Transcribe the line that contains "Centaures Routiers logistics" and every line after it to the end of the records, exactly and nothing else. Skip the pictures.
------------
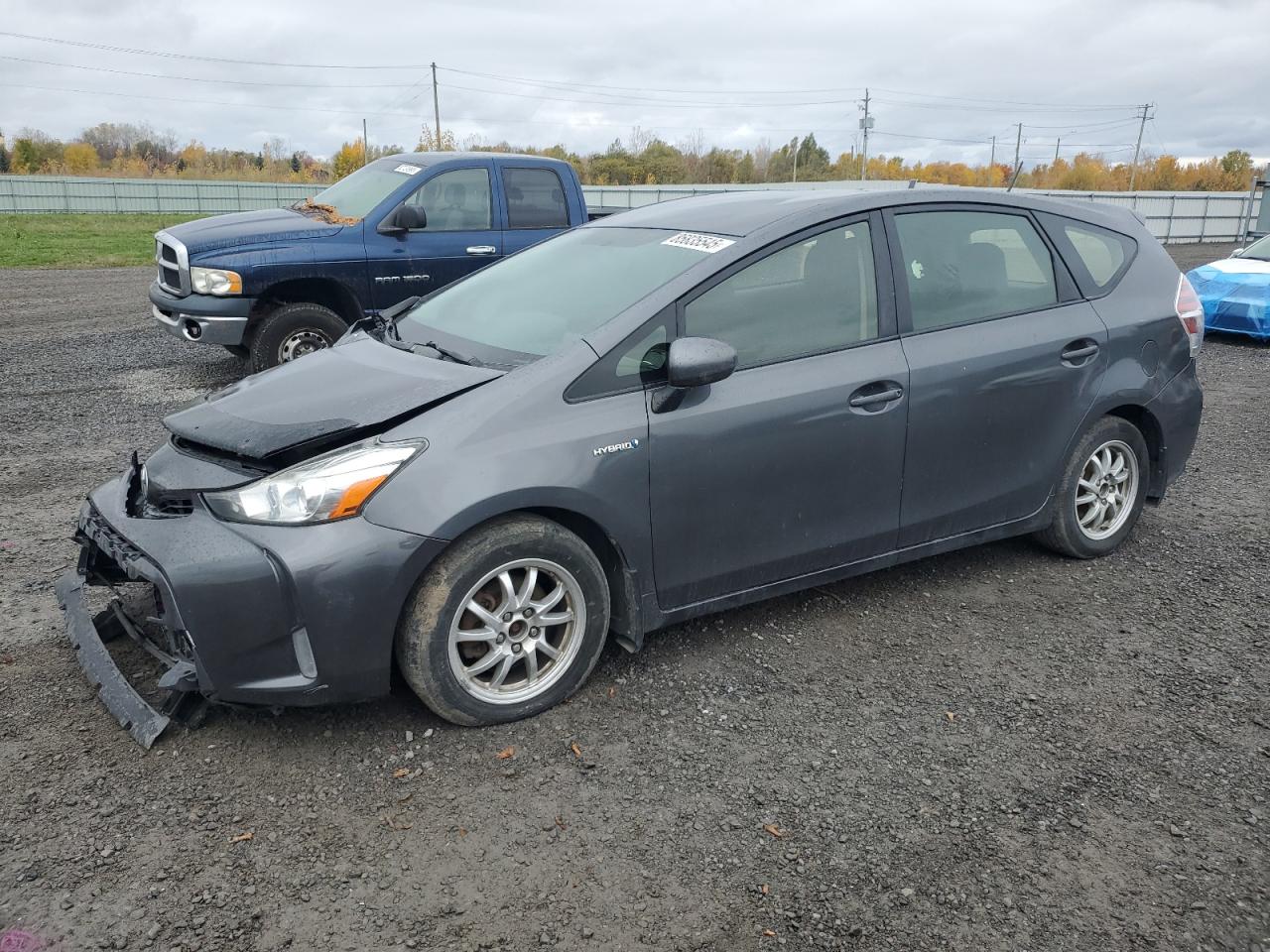 TOYOTA PRIUS V 2017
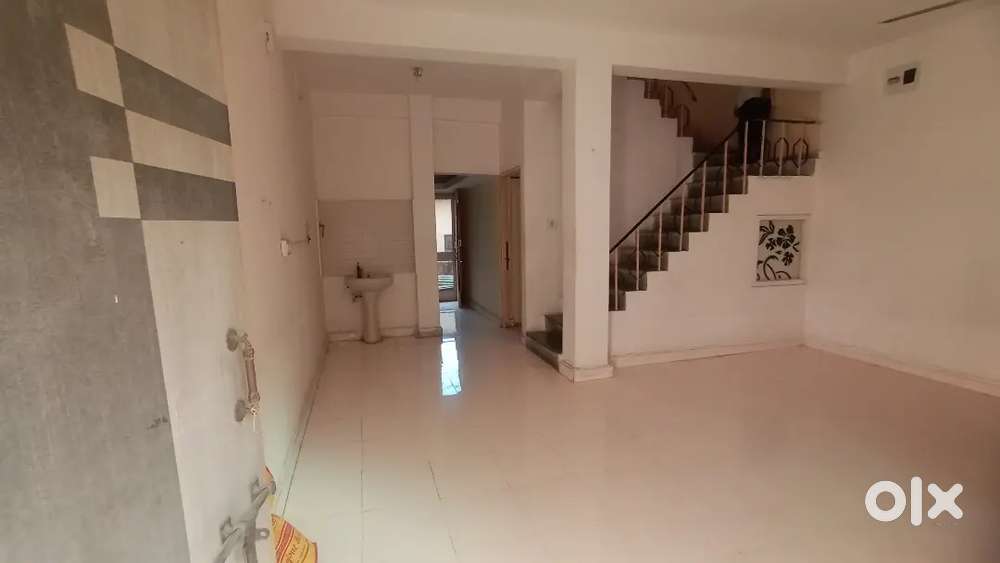 3bhk 1033sqft plot duplex for sale at racecourse in gated society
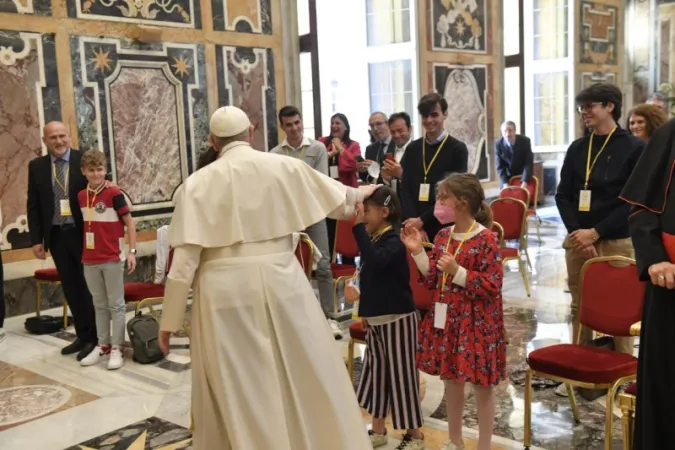 L'udienza di Papa Francesco alla Associazione Meter  |  | Vatican Media 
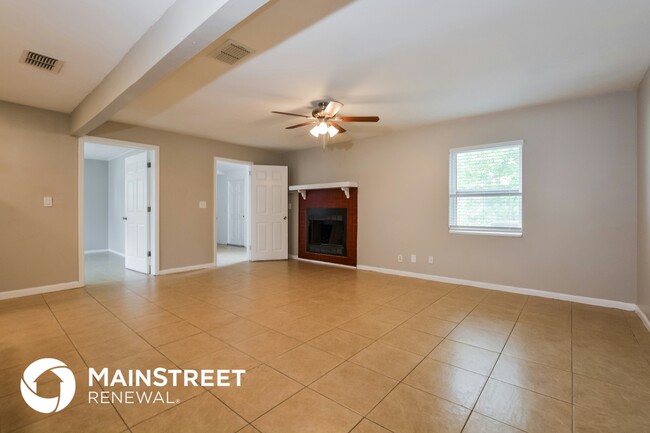 Building Photo - 2215 Falkner Rd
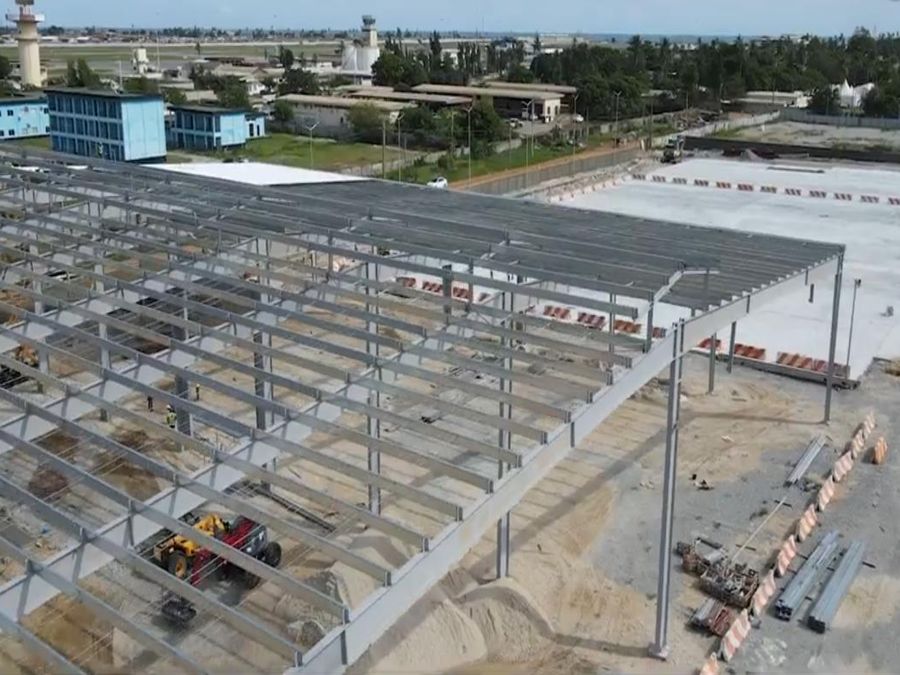 Centaures Routiers logistics platform, Airport Zone, Abidjan — 9,000 m²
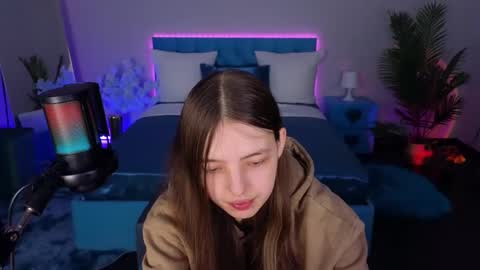 Lili Bakery online show from 12-20-25, 06:31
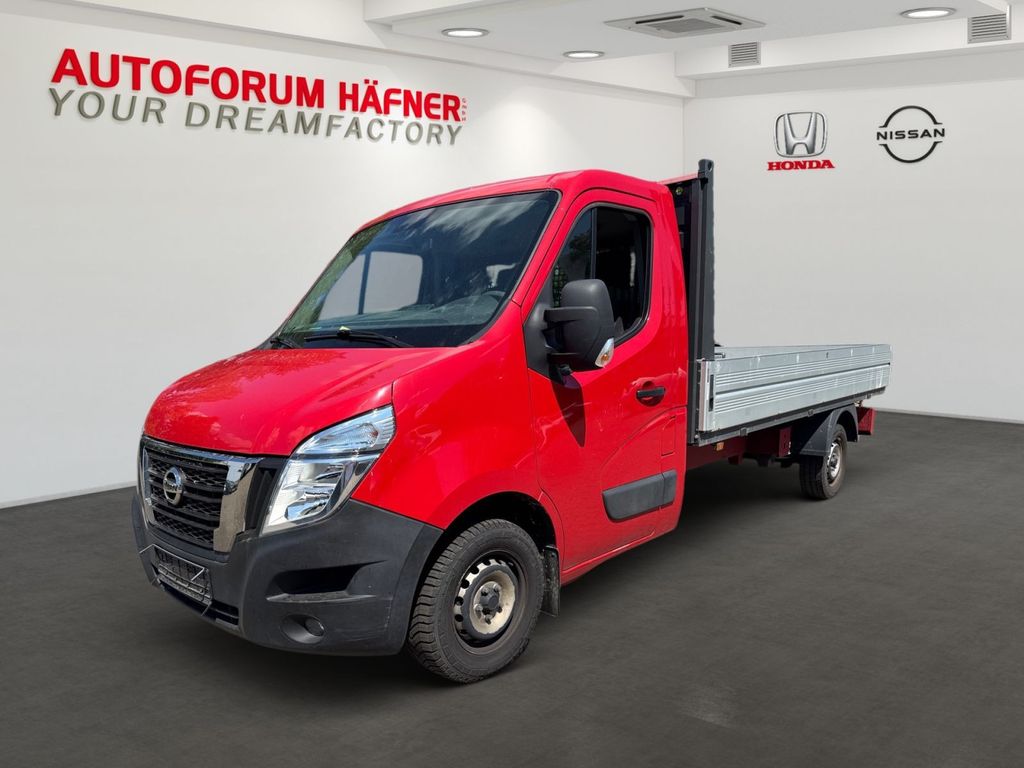 Nissan NV400 2021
------------
**Output below:**
 Centaures Routiers logistics platform, Airport Zone, Abidjan — 9,000 m²
 Lili Bakery online show from 12-20-25, 06:31
 Nissan NV400 2021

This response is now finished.